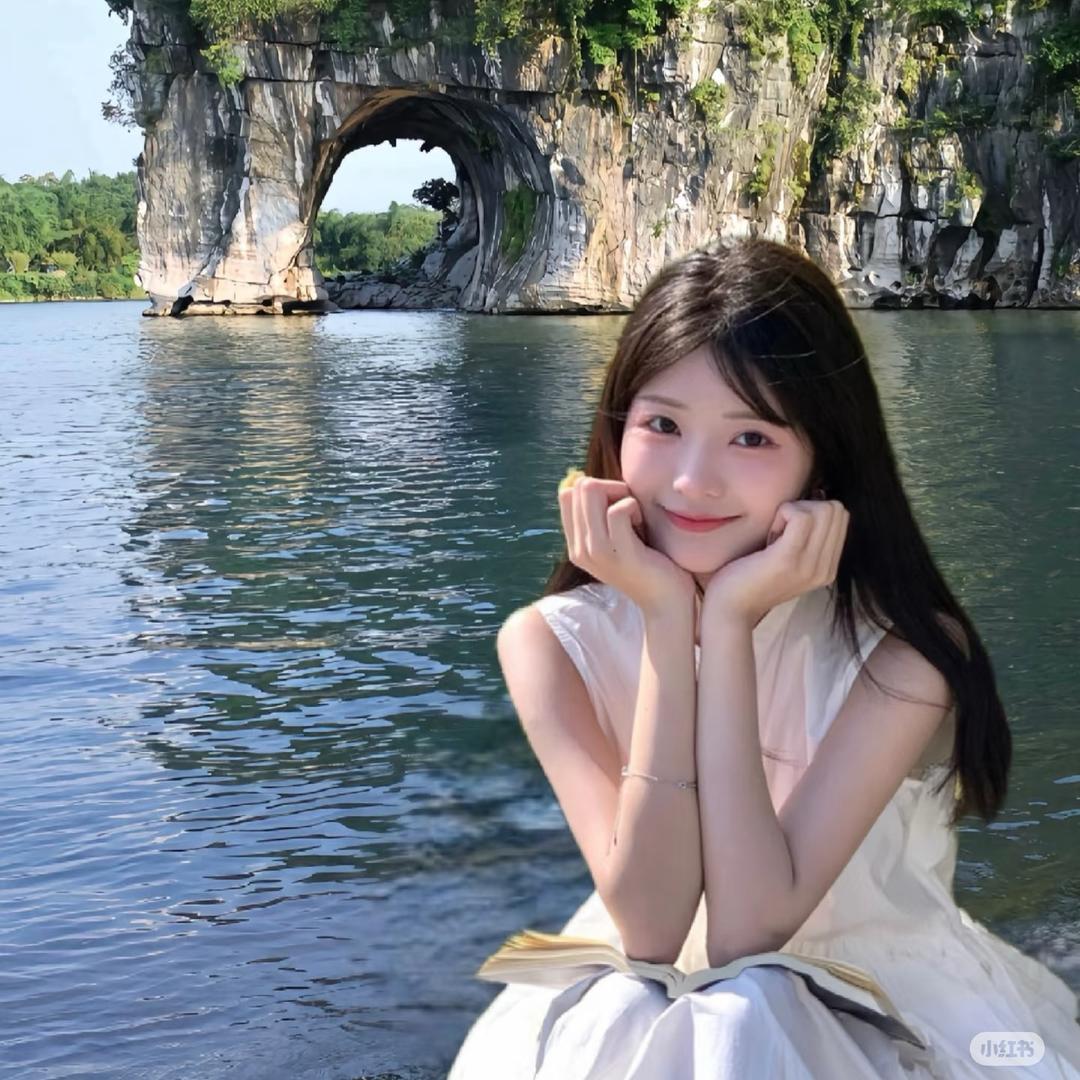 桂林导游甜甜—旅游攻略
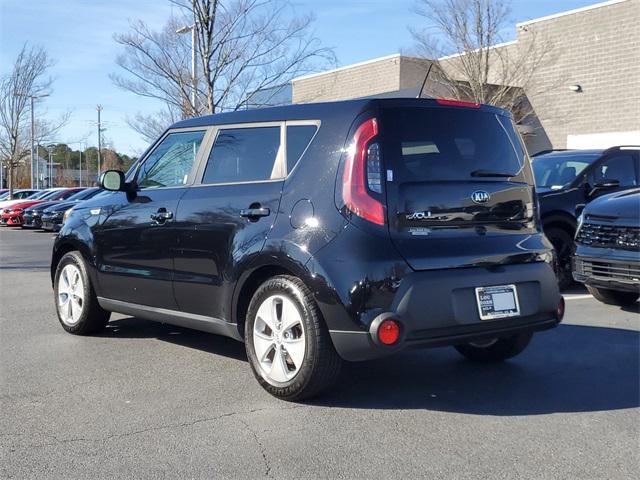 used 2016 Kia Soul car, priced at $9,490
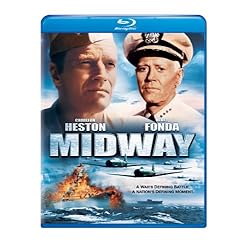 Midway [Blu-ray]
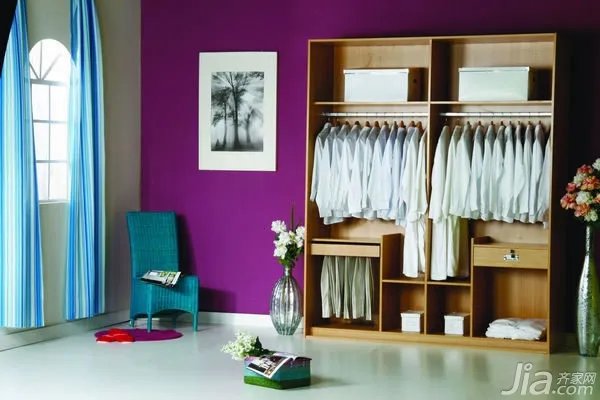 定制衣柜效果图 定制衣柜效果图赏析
---
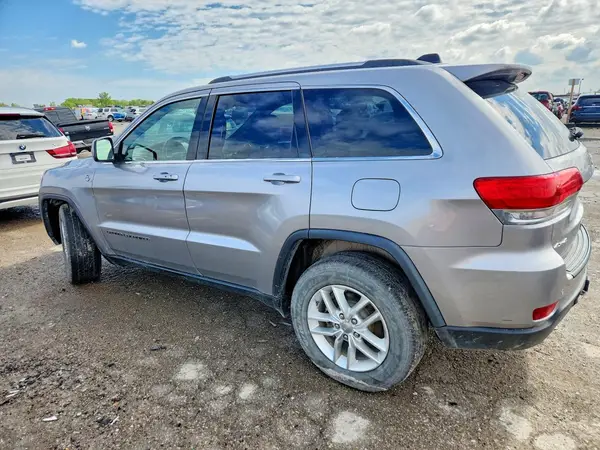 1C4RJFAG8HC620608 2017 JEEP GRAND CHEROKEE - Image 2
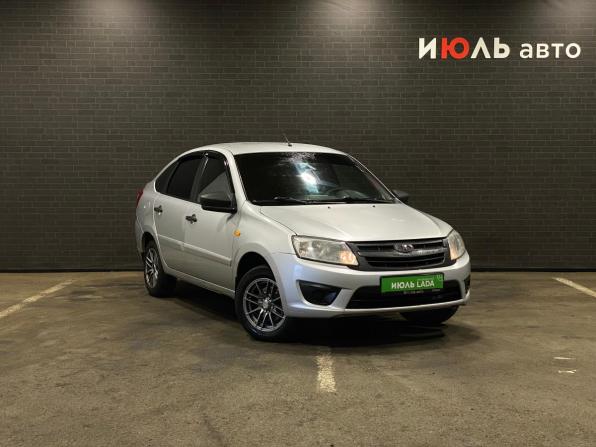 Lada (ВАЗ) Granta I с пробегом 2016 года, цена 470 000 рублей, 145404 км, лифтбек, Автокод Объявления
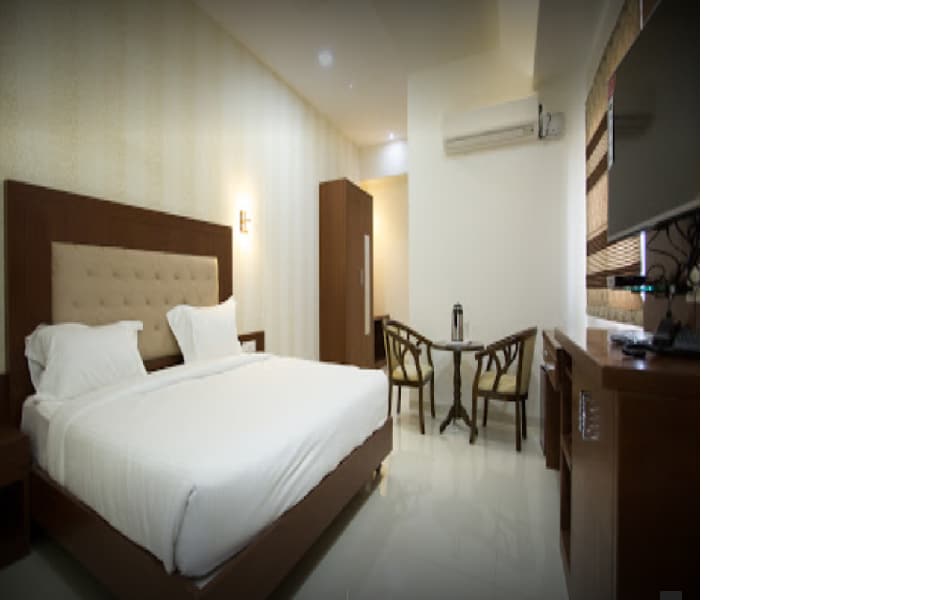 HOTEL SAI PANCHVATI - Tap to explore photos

PROBLEM REQUIREMENTS: A verbatim reproduction is expected: starting at the line above that has "Lada (ВАЗ) Granta", ending at the line that has "HOTEL SAI PANCHVATI - Tap to explore photos", both included, and with no pictures and no other lines.

ANSWER SECTION:
 Lada (ВАЗ) Granta I с пробегом 2016 года, цена 470 000 рублей, 145404 км, лифтбек, Автокод Объявления
 HOTEL SAI PANCHVATI - Tap to explore photos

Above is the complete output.